### [TO DO]
Exactly the lines from the one holding "Stump wood 166" through the end of the material below must be printed, nothing more, and the pictures must be dropped.

### [INPUT RECORDS]

········

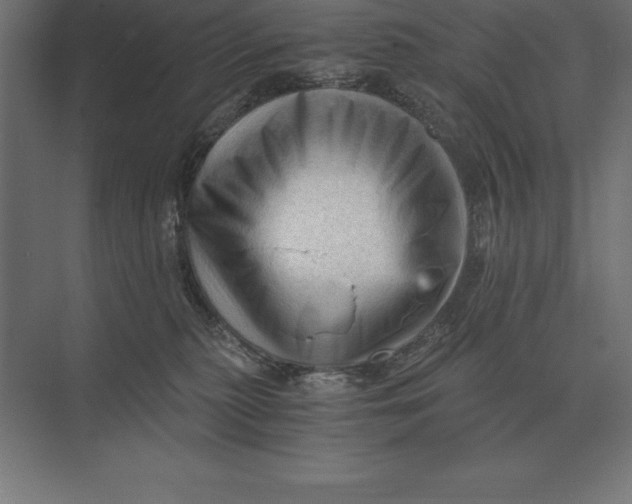 X0000073980279200609111816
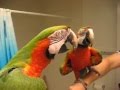 Video Lucu Banget Burung Beo Bicara di Depan Kaca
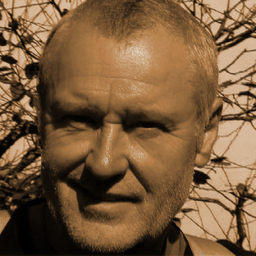 Gil Webster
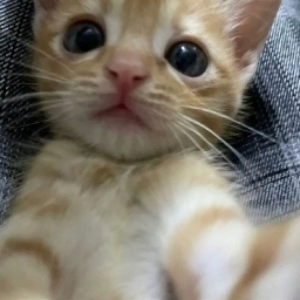 Cat Looking at Camera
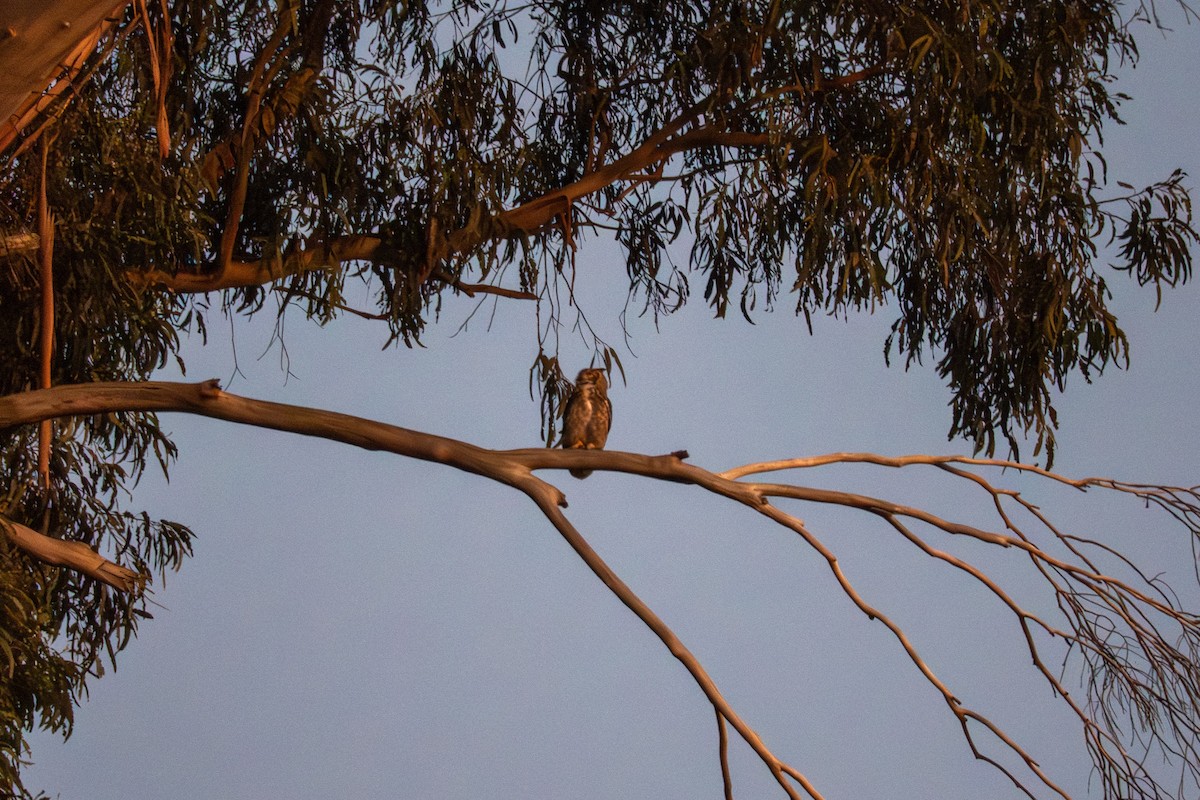 Great Horned Owl - ML646957059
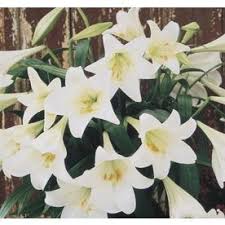 1 25 Quart Easter Lily L2295 Easter Lily Bulbs And Seeds Perennials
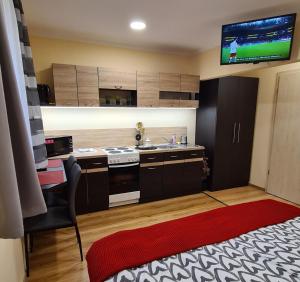 Kuchyňa alebo kuchynka v ubytovaní Lucsony Apartman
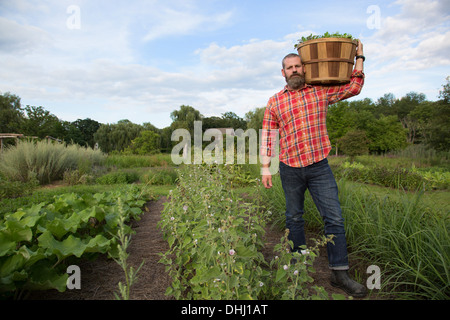 Reifer Mann Herb Farm Korb Blätter festhalten Stockfoto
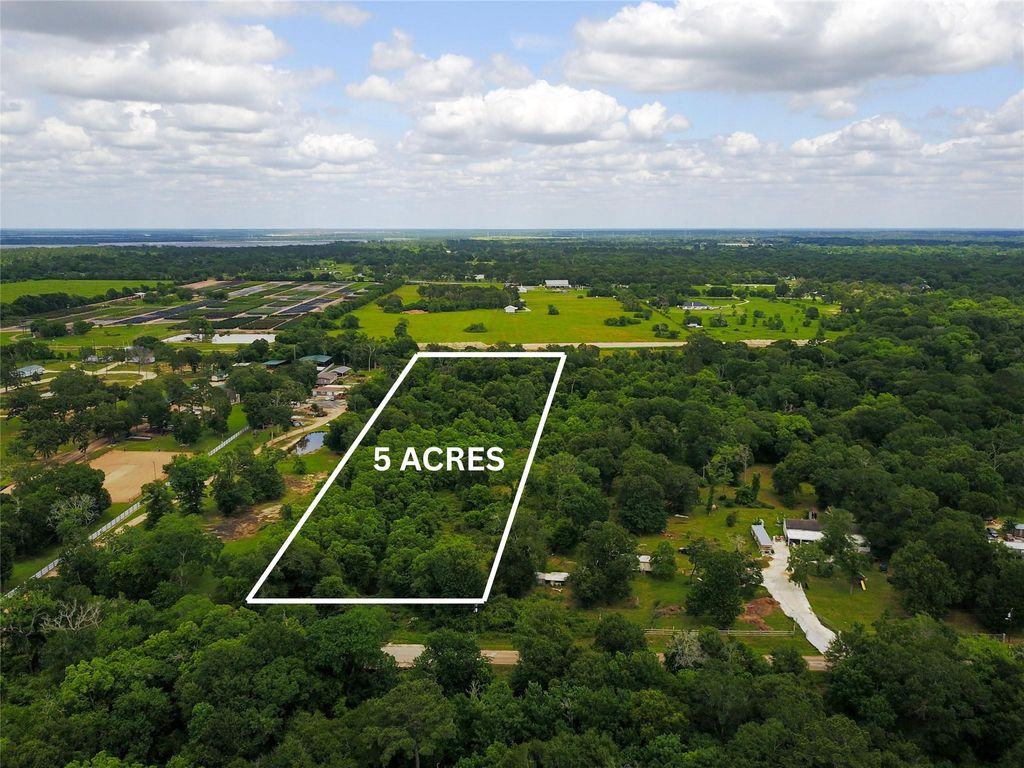 1528 Scroggins Lane, Waller, TX 77484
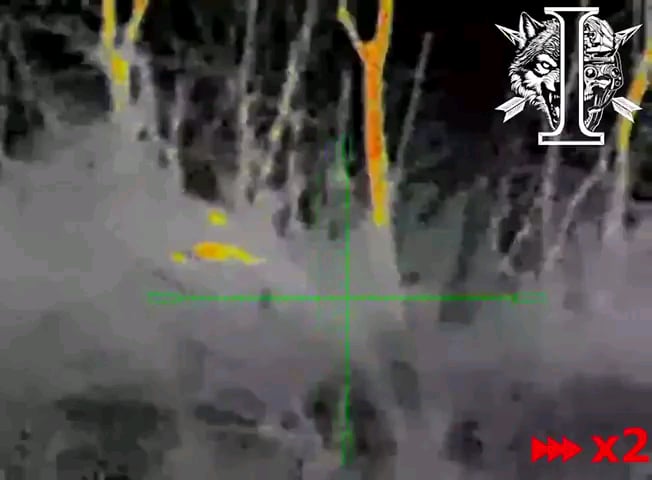 「ウクライナ連隊」（第8独立特殊部隊旅団）のウクライナ人狙撃兵が夜間にロシア兵を射殺した。クルスク地域。2024年9月。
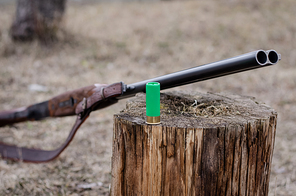 shotgun shell on wooden stump near rifle in woods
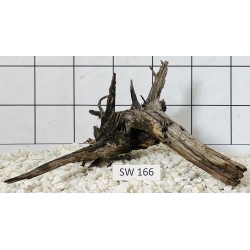 Stump wood 166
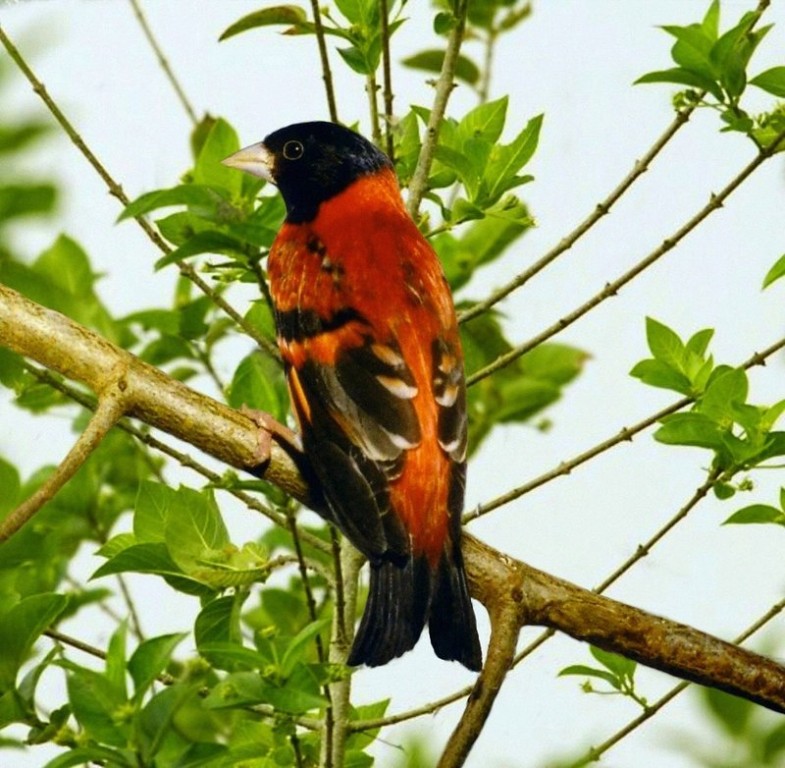 ameacas do pintassilgo-da-venezuela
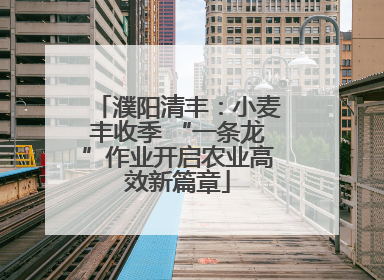 濮阳清丰：小麦丰收季 “一条龙”作业开启农业高效新篇章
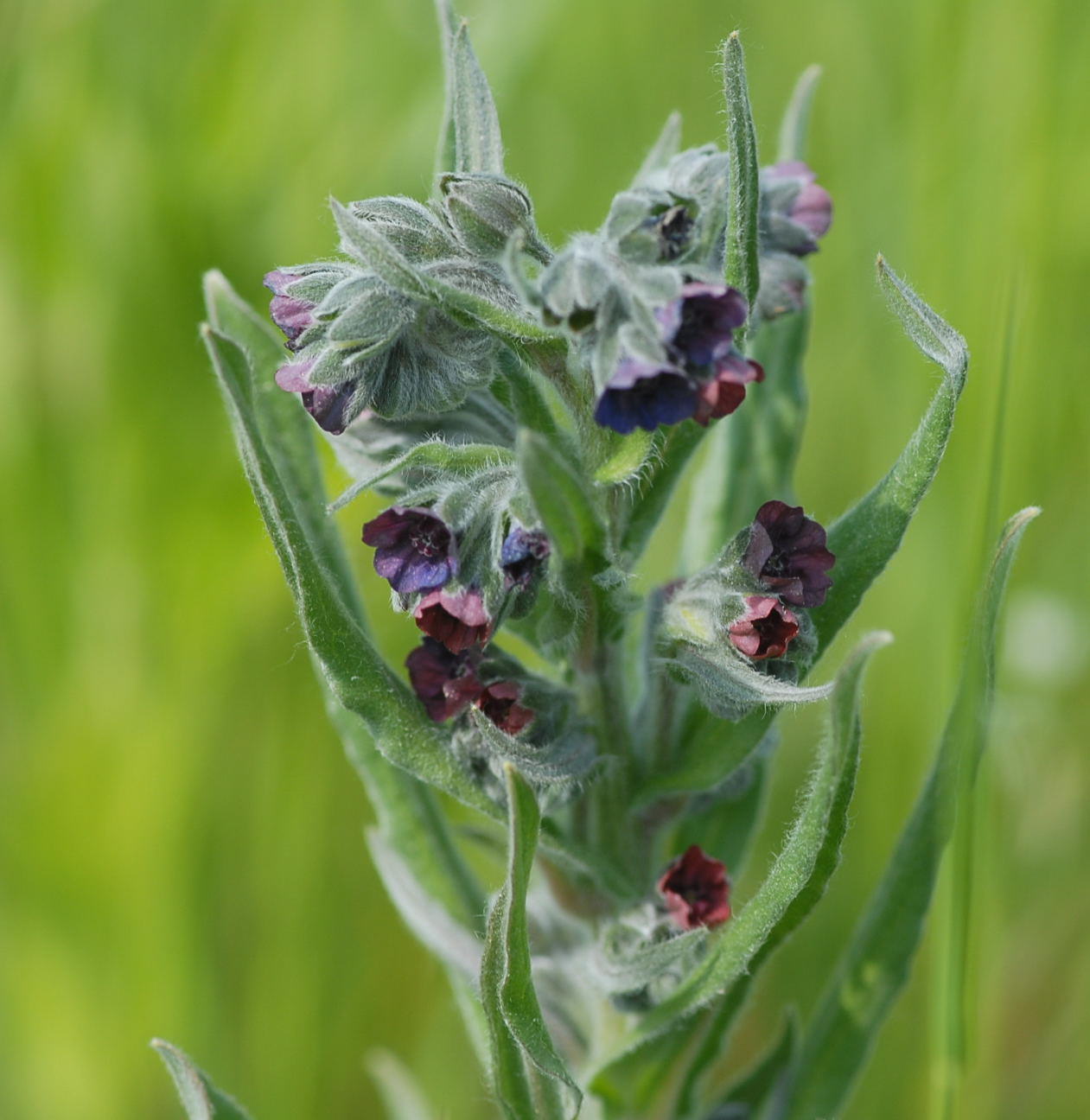 Echte Hundszunge - Cynoglossum officinale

········

### [SOLUTION TO THIS EXERCISE]
 Stump wood 166
 ameacas do pintassilgo-da-venezuela
 濮阳清丰：小麦丰收季 “一条龙”作业开启农业高效新篇章
 Echte Hundszunge - Cynoglossum officinale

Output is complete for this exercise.